*Problem details*
Return the stretch from the line with "Bob homme pour" through the line with "MS license plate AXK041" in the data below, character for character, skipping all pictures.

*Data for review*
┏━━
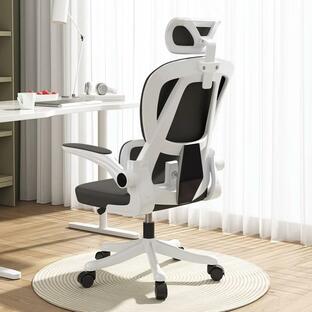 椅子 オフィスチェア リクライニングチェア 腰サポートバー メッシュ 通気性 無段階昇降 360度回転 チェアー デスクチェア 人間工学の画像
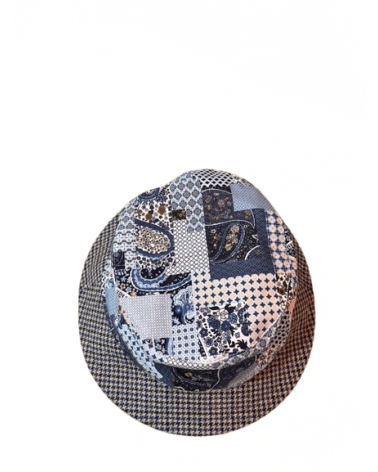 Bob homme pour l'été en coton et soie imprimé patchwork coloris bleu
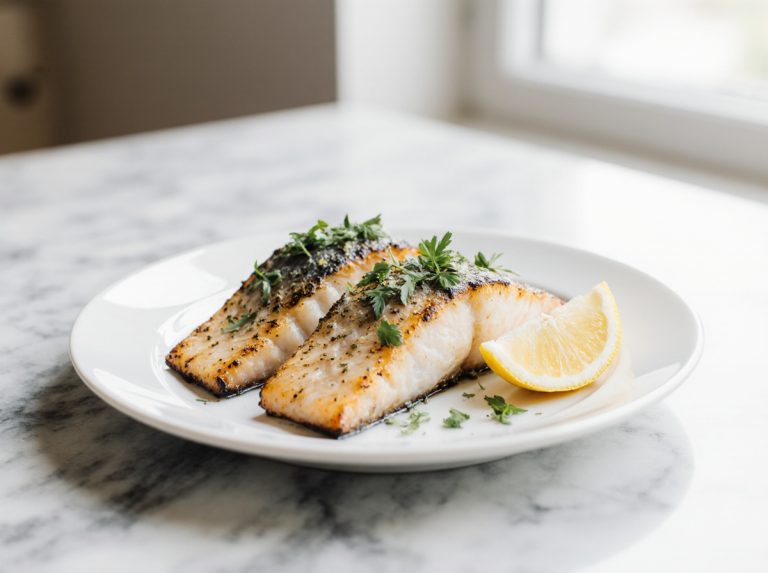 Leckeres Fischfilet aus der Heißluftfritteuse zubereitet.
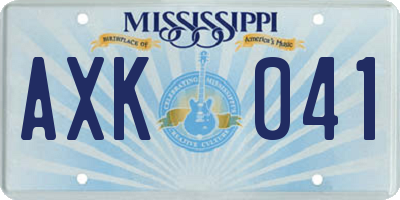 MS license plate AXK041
┗━━
┏━━
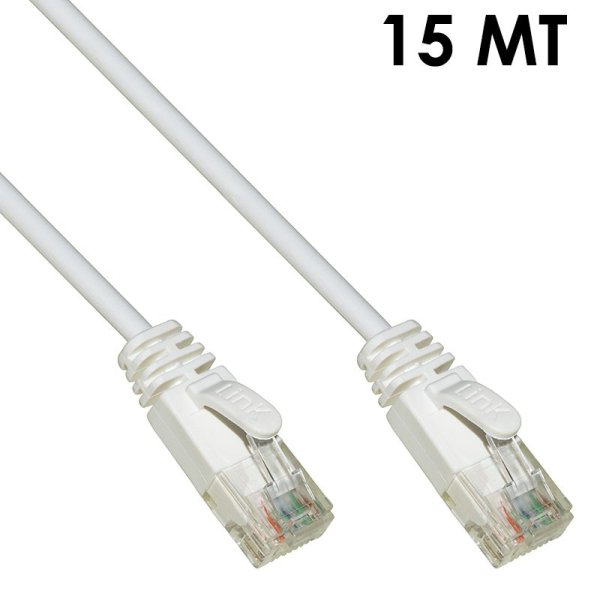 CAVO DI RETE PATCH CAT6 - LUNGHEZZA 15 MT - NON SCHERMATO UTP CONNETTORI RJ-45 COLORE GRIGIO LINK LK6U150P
┗━━
┏━━
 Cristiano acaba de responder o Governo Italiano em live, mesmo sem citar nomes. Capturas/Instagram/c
┗━━
*Result*
 Bob homme pour l'été en coton et soie imprimé patchwork coloris bleu
 Leckeres Fischfilet aus der Heißluftfritteuse zubereitet.
 MS license plate AXK041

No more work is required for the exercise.